**PROBLEM**
The listing below is to be duplicated exactly, with every picture omitted.

**DATA FOR ANALYSIS**
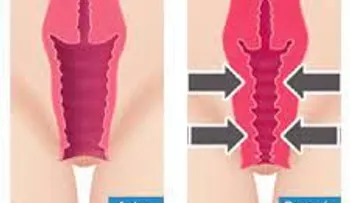 Un remedio imperdible para estrechar la vagina; mejor que una cirugía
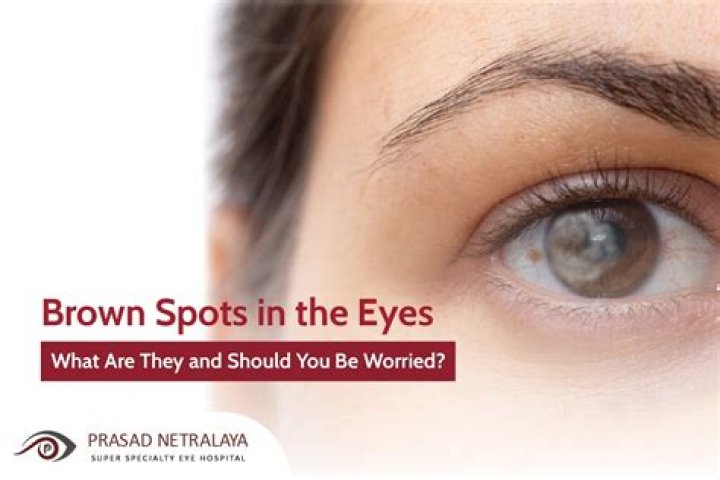 What does it mean when you have brown spots in your eyes?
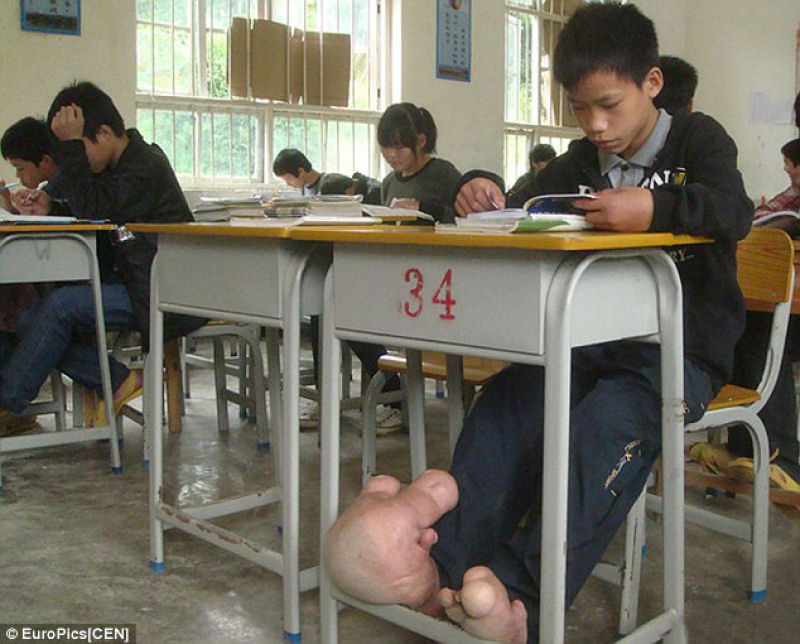 Adolescente chinês sofre de uma terrível doença nos pés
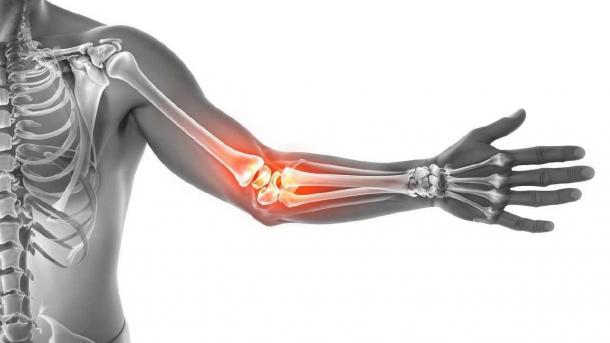 Чувствуете это в руке — смерть уже на пороге. Первые признаки смертельно опасного заболевания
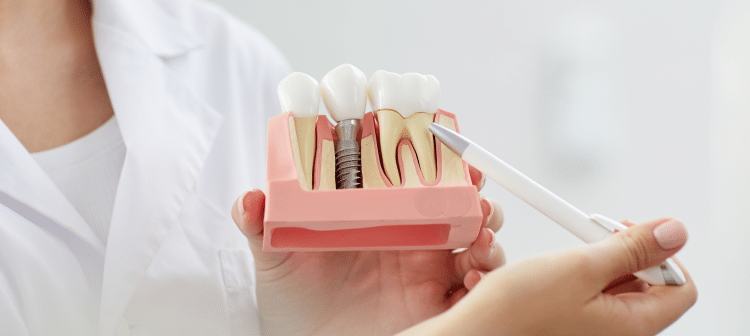 Is a loose dental implant an emergency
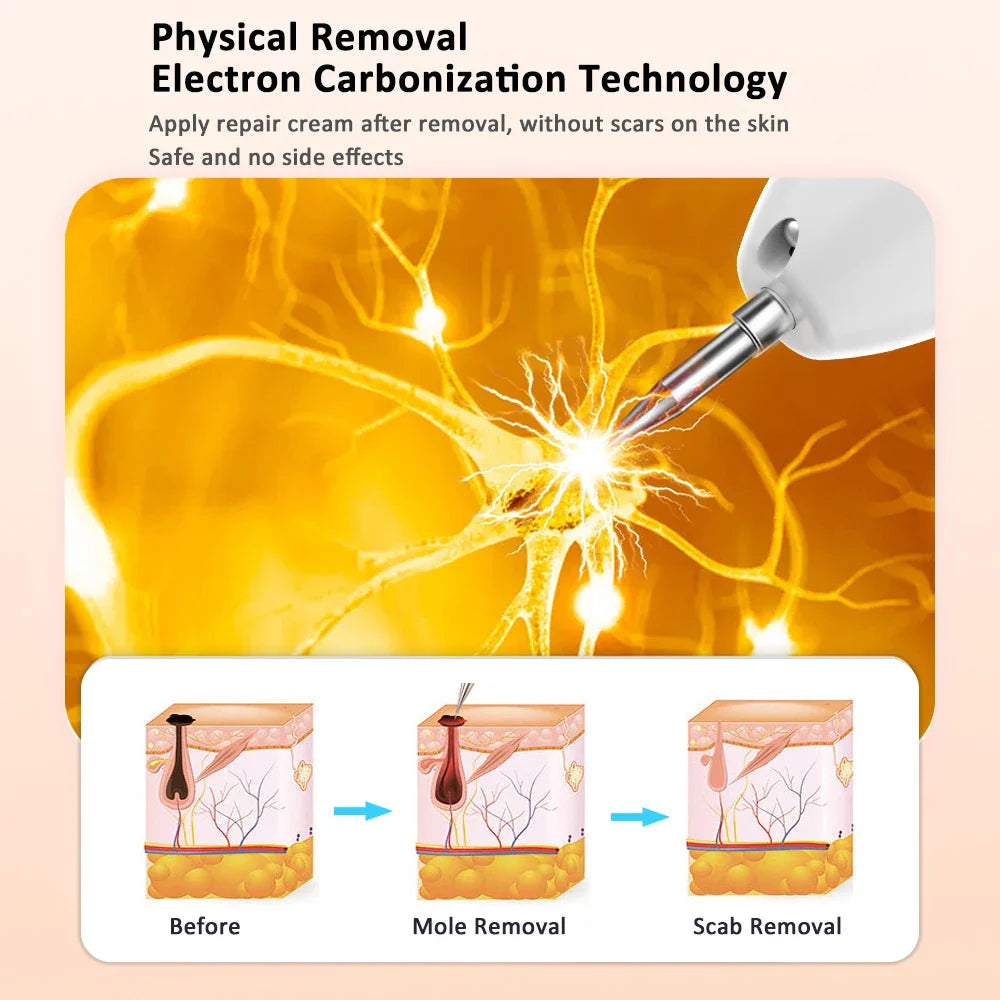 Plasma Cosmetic Spot Remover Pen Adjustable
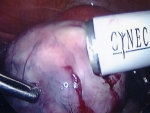The silver end of the morcellator is sharp and rotates quickly to cut through the fibroid.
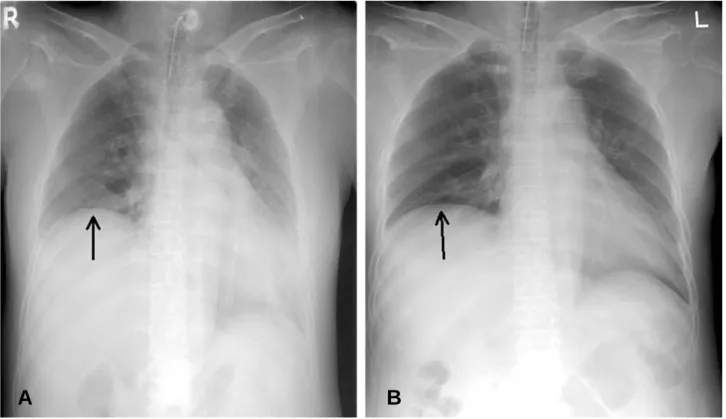 Fig. 5. Right hemidiaphragm elevation at the time of admission (A) and 2 months later (B) in case 2 which Showed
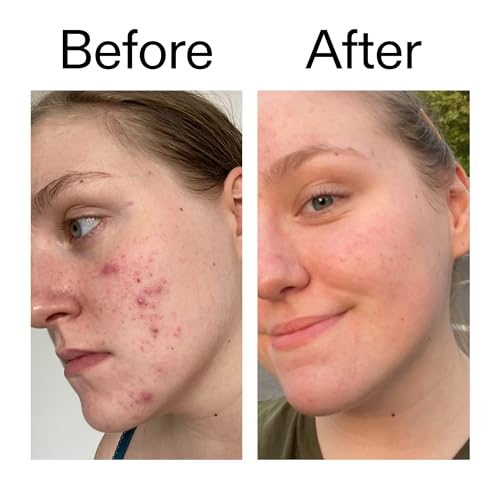 Body Prescriptions Exfoliating Body Scrub ? Body Cleanser for Nourished, Ultra-Smooth Skin, Honey Citrus, Coconut Almond, and Sweet Mint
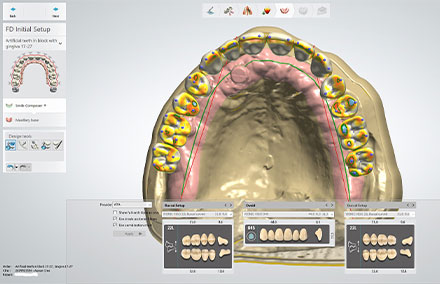 Checking the occlusal contacts and the freedom in centric.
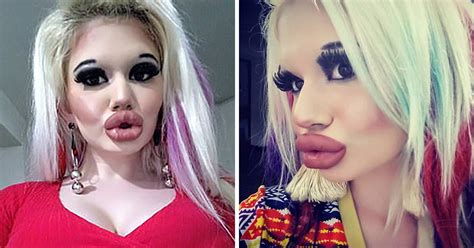 Une jeune étudiante a triplé le volume de ses lèvres pour être à la mode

**FINISHED TASK**
 Un remedio imperdible para estrechar la vagina; mejor que una cirugía
 What does it mean when you have brown spots in your eyes?
 Adolescente chinês sofre de uma terrível doença nos pés
 Чувствуете это в руке — смерть уже на пороге. Первые признаки смертельно опасного заболевания
 Is a loose dental implant an emergency
 Plasma Cosmetic Spot Remover Pen Adjustable
The silver end of the morcellator is sharp and rotates quickly to cut through the fibroid.
 Fig. 5. Right hemidiaphragm elevation at the time of admission (A) and 2 months later (B) in case 2 which Showed
 Body Prescriptions Exfoliating Body Scrub ? Body Cleanser for Nourished, Ultra-Smooth Skin, Honey Citrus, Coconut Almond, and Sweet Mint
 Checking the occlusal contacts and the freedom in centric.
 Une jeune étudiante a triplé le volume de ses lèvres pour être à la mode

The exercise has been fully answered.